● **Exercise prompt**
Print all the data that follows exactly, images excluded.

● **Data excerpt**
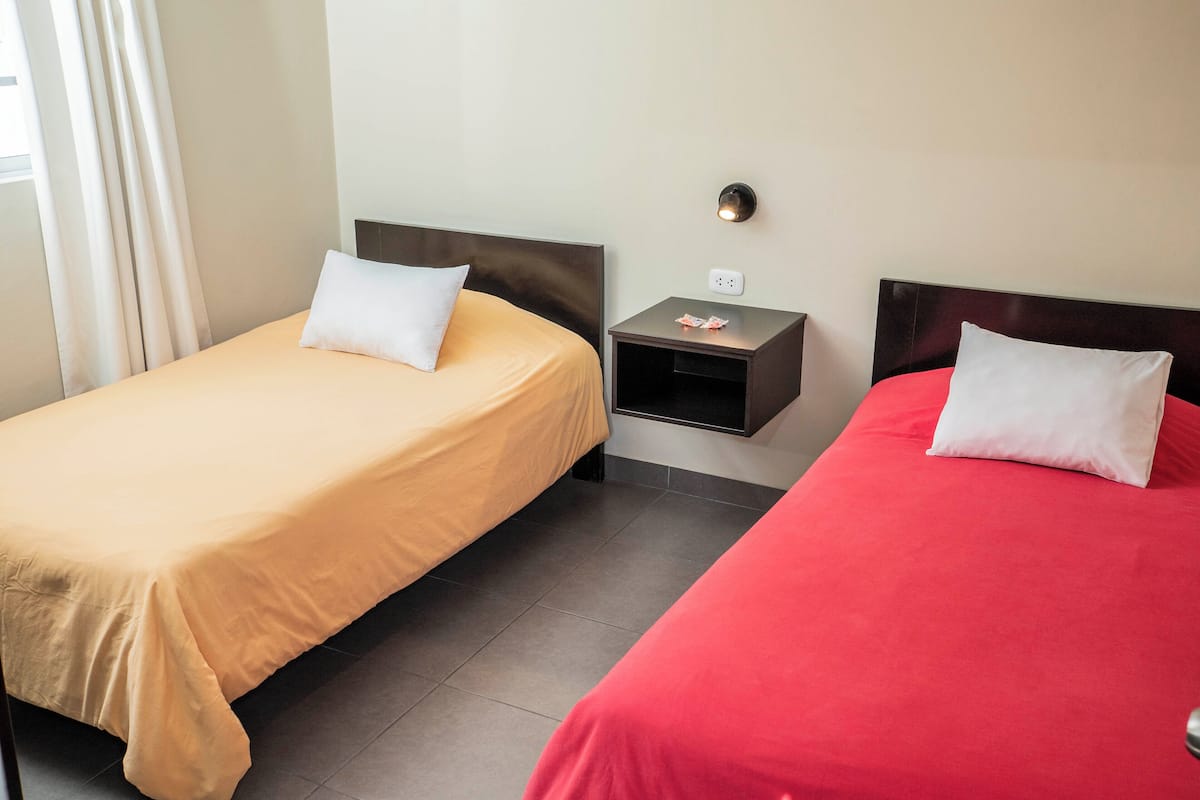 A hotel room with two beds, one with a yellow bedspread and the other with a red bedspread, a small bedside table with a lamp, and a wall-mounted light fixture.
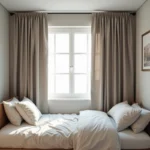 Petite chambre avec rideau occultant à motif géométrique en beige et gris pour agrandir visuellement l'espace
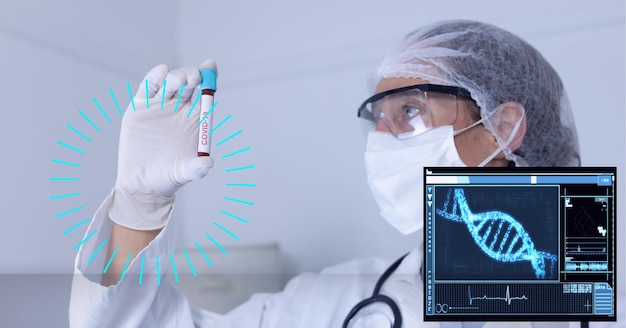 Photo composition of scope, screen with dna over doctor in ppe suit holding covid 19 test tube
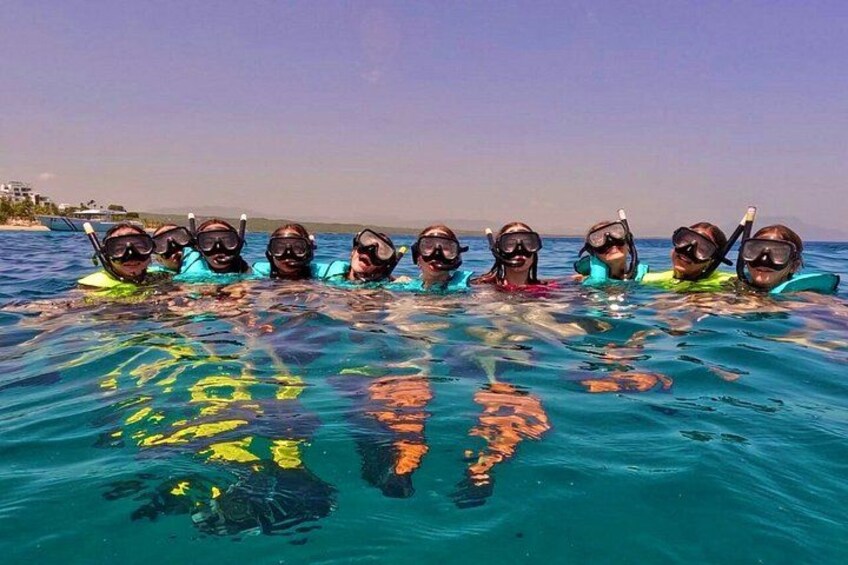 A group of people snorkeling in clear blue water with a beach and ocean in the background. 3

● **Problem solution**
 A hotel room with two beds, one with a yellow bedspread and the other with a red bedspread, a small bedside table with a lamp, and a wall-mounted light fixture.
 Petite chambre avec rideau occultant à motif géométrique en beige et gris pour agrandir visuellement l'espace
 Photo composition of scope, screen with dna over doctor in ppe suit holding covid 19 test tube
 A group of people snorkeling in clear blue water with a beach and ocean in the background. 3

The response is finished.